15

9.9K 1.1K 58
                                    

In vitro fertilization atau lebih dikenal dengan bayi tabung, Ariana memilih cara itu. Walaupun banyak resiko dia akan siap menghadapi. Keputusan Ariana tentu dipotres oleh Ardi, laki-laki itu keberatan.

"Kenapa harus mengambil cara sulit?"

"Mas mau menyentuhku?" tanya Ariana dingin. "Setelah Mas menghabiskan malam dengan wanita lain, apakah aku harus melayanimu?"

"Kamu menuduh saya berzina?"

"Aku tidak ingin cari masalah." di luar, Mona terus memanggil Ariana. "Luangkan waktu. Kita akan melakukan pemeriksaan."

"Saya tidak akan melakukannya."

Ariana menelan ludahnya. "Kalau begitu, lakukan perintah ibu."

"Ariana!" Ardi murka. "Yang akan kamu kandung anak saya, bukan robot. Dia akan memanggil saya ayah!"

"Tidak ada bedanya. Bukankah Jun, Saira, Uki dan Mona memanggilmu Papa? Apakah mereka terlihat seperti anak-anak yang punya orang tua?"

"Kamu menghina saya?"

Ariana ingin membuka pintu, Mona sudah memanggilnya sejak tadi.

"Selama aku menjadi ibu sambung mereka, tidak ada campur tangan Mas. Lepas begitu saja."

Ardi tidak bisa menjawab karena Ariana sudah membuka pintu kamar. Di sana anaknya berdiri dengan sebuah buku di tangannya.

"Aku mau bikin PR sama Tante saja." Mona mengerjap. "Enggak ngerti diajar mba Fitri."

"Tante lagi sibuk." Ariana melihat Ardi. "Bagaimana kalau sama Papa saja?"

"Papa bisa?"

"Bisalah," jawab Ariana. Sementara Ardi tidak bisa berkata apa-apa. Ketika Mona masuk dan membuka buku PR-nya, Ardi tidak bisa mengelak lagi.

"Pecahan, susah."

"Papa kan Bos. Pasti bisa." Ariana menjawab tanpa melihat yang bersangkutan.

"Boleh asal alami." Ardi mengambil buku PR anaknya. "Sini," ajaknya menepuk ranjang Ariana.

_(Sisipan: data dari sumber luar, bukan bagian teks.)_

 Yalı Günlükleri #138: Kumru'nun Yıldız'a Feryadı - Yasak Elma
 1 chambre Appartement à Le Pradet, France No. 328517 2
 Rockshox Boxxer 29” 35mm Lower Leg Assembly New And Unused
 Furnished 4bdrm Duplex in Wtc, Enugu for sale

"Sementara saya ajarin Mona, kamu siap-siap." Ardi mulai mengajari putrinya. "Alami. Jadi jangan berpikir macam-macam."

"Yang Mas ajarin anak sendiri."

Ardi tidak menjawab.

Sebentar, kenapa harus di kamarnya? Kali ini saja tidak apa-apa. Melihat Ardi mengajar Mona, Ariana berpikir sesuatu. Ardi bisa jadi sosok yang hangat untuk anak-anak, kenapa selama ini diam saja? Apakah karena ada dirinya?

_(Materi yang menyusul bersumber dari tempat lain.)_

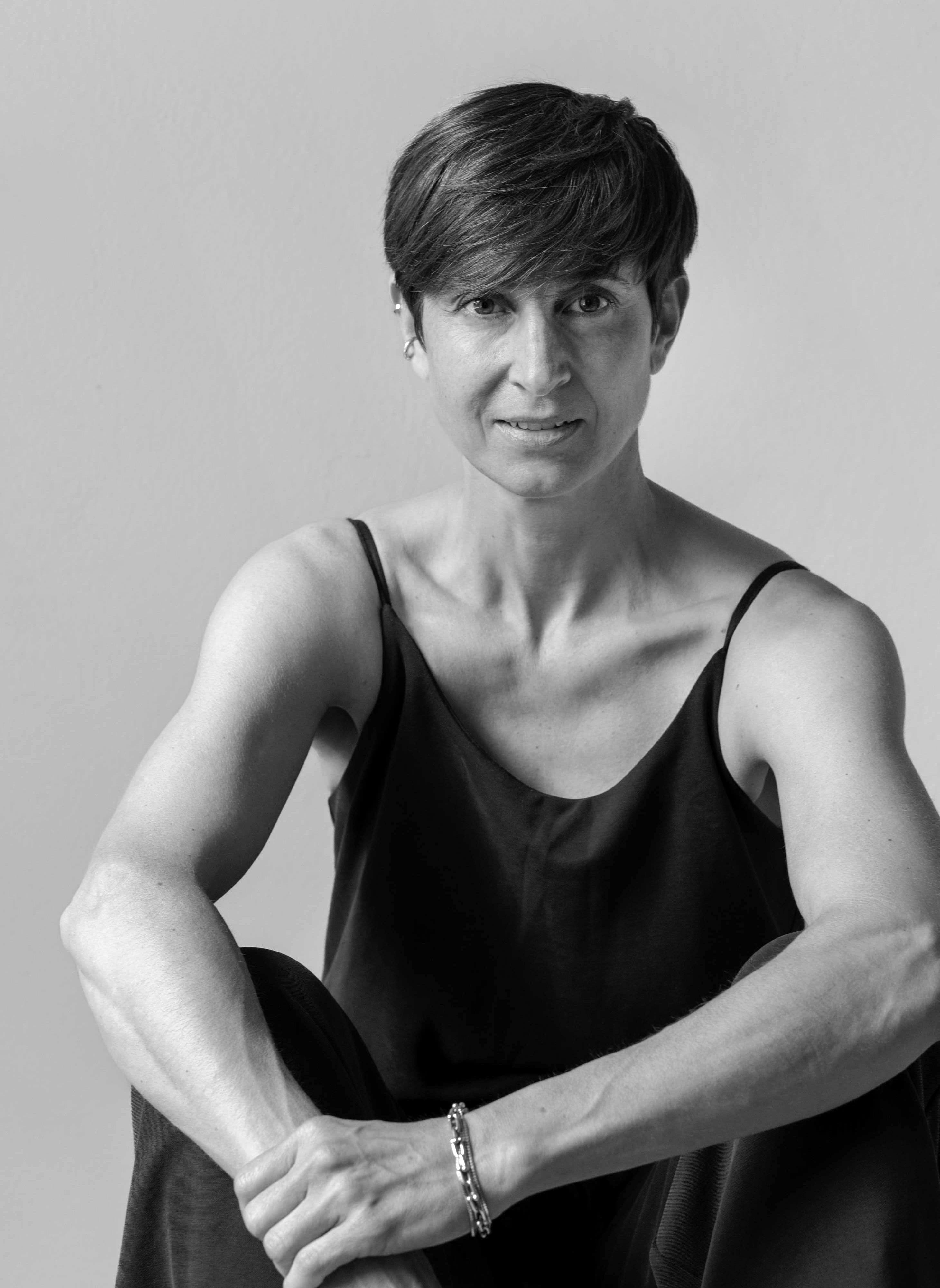 Patricia Weisskirchner - HER•izon Speaker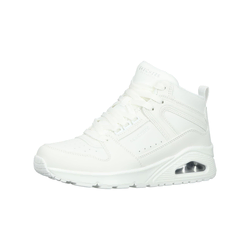 SKECHERS Ženske patike UNO-HIGH REGARDS 177099 bele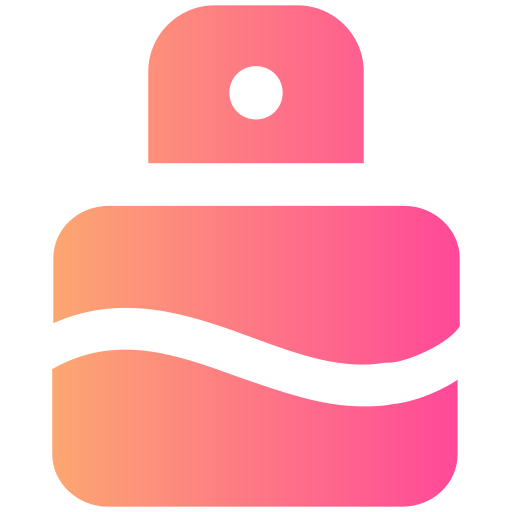 perfume icono gratis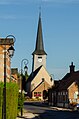 Église Saint-Pierre de Villemurlin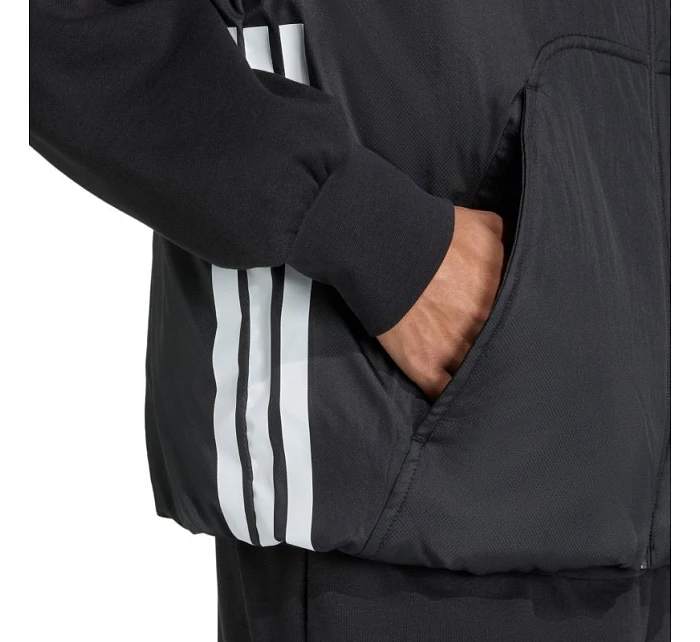 Pánská vesta adidas City Tech Climawarm černá JW1877 pánská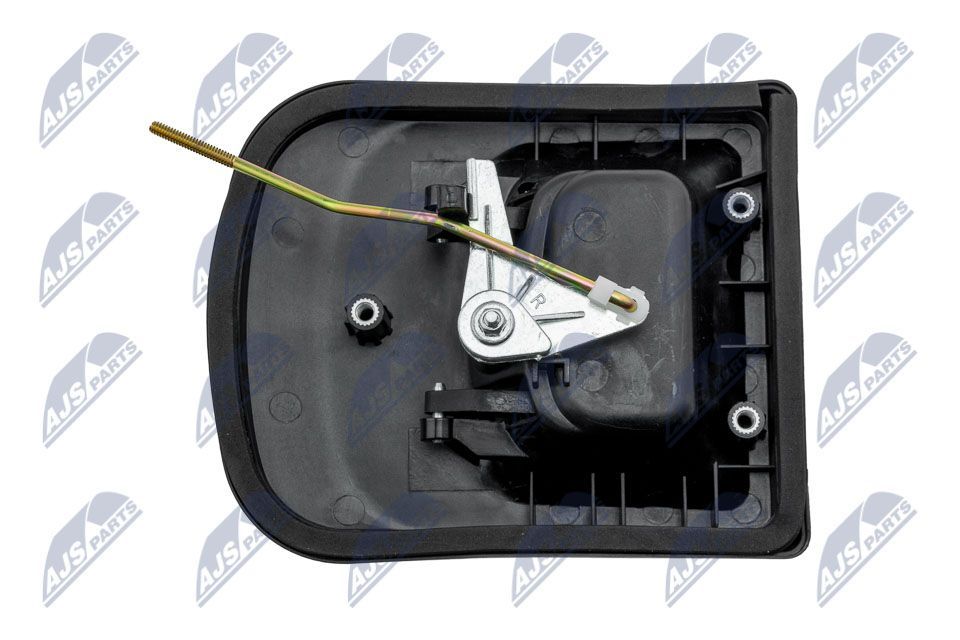 Išorinė durų rankena NTY EZC-VC-012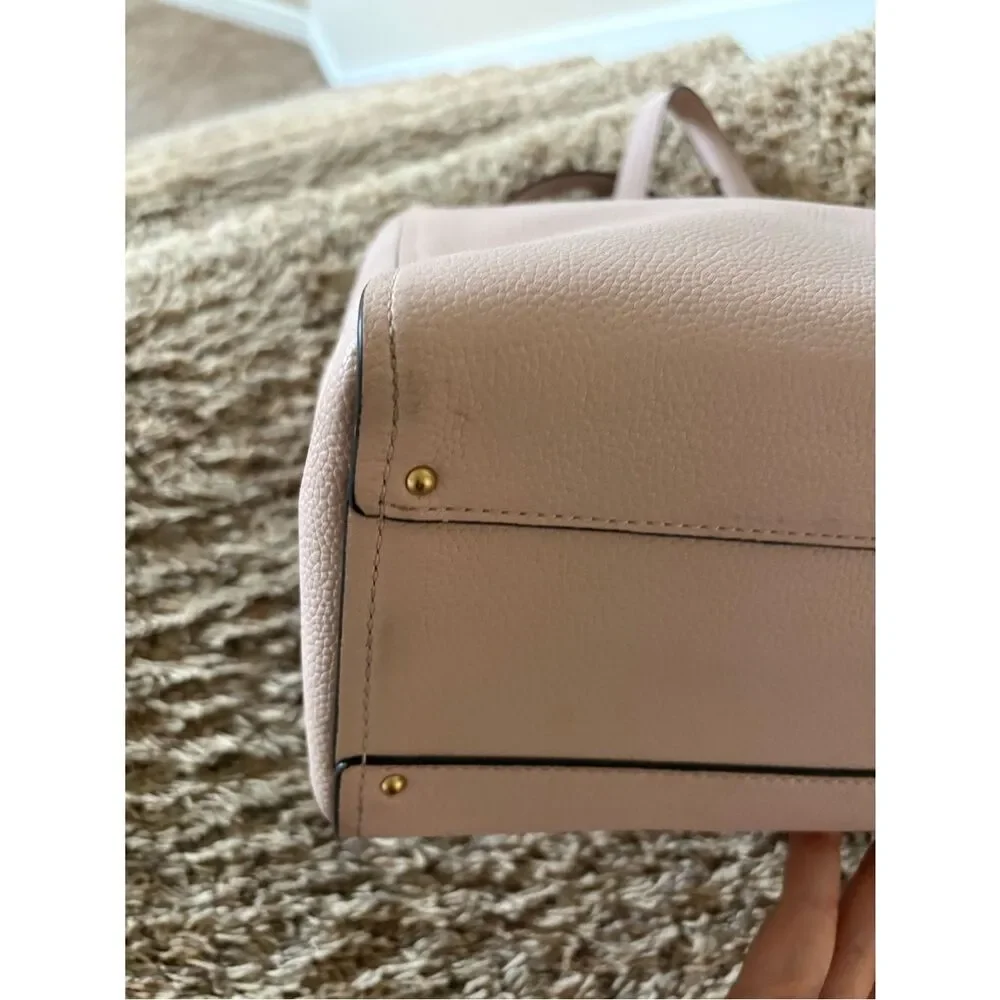 Tory Burch Carson Tote Bag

Sepuluh soal, Ardi menyelesaikan dalam waktu satu jam. "Apa kamu akan duduk saja di situ?"

"Kenapa? Kalau Mas terganggu bisa keluar."

"Lebih cepat lebih baik." Ardi menyuruh Mona keluar.

"Mas bisa melakukan dengan Bella." Ariana sudah mengusir, harusnya Ardi keluar sekarang.

"Siapa Bella? Apa yang harus Papa lakukan?"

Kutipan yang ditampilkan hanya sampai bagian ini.